What to work on:
All the data should come back exactly as it was given.
*** Material for this exercise ***
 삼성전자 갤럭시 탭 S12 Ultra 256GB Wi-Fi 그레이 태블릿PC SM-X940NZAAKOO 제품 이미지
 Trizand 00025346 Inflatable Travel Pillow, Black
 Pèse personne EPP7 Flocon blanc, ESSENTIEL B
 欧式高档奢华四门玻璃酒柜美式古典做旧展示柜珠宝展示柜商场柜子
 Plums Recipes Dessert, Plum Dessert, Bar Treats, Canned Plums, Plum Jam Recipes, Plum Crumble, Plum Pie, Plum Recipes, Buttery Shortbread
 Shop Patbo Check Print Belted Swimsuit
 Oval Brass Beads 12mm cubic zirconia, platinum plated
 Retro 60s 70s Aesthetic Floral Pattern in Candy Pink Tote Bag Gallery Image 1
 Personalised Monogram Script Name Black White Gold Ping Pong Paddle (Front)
***
Output for this task:
 삼성전자 갤럭시 탭 S12 Ultra 256GB Wi-Fi 그레이 태블릿PC SM-X940NZAAKOO 제품 이미지
 Trizand 00025346 Inflatable Travel Pillow, Black
 Pèse personne EPP7 Flocon blanc, ESSENTIEL B
 欧式高档奢华四门玻璃酒柜美式古典做旧展示柜珠宝展示柜商场柜子
 Plums Recipes Dessert, Plum Dessert, Bar Treats, Canned Plums, Plum Jam Recipes, Plum Crumble, Plum Pie, Plum Recipes, Buttery Shortbread
 Shop Patbo Check Print Belted Swimsuit
 Oval Brass Beads 12mm cubic zirconia, platinum plated
 Retro 60s 70s Aesthetic Floral Pattern in Candy Pink Tote Bag Gallery Image 1
 Personalised Monogram Script Name Black White Gold Ping Pong Paddle (Front)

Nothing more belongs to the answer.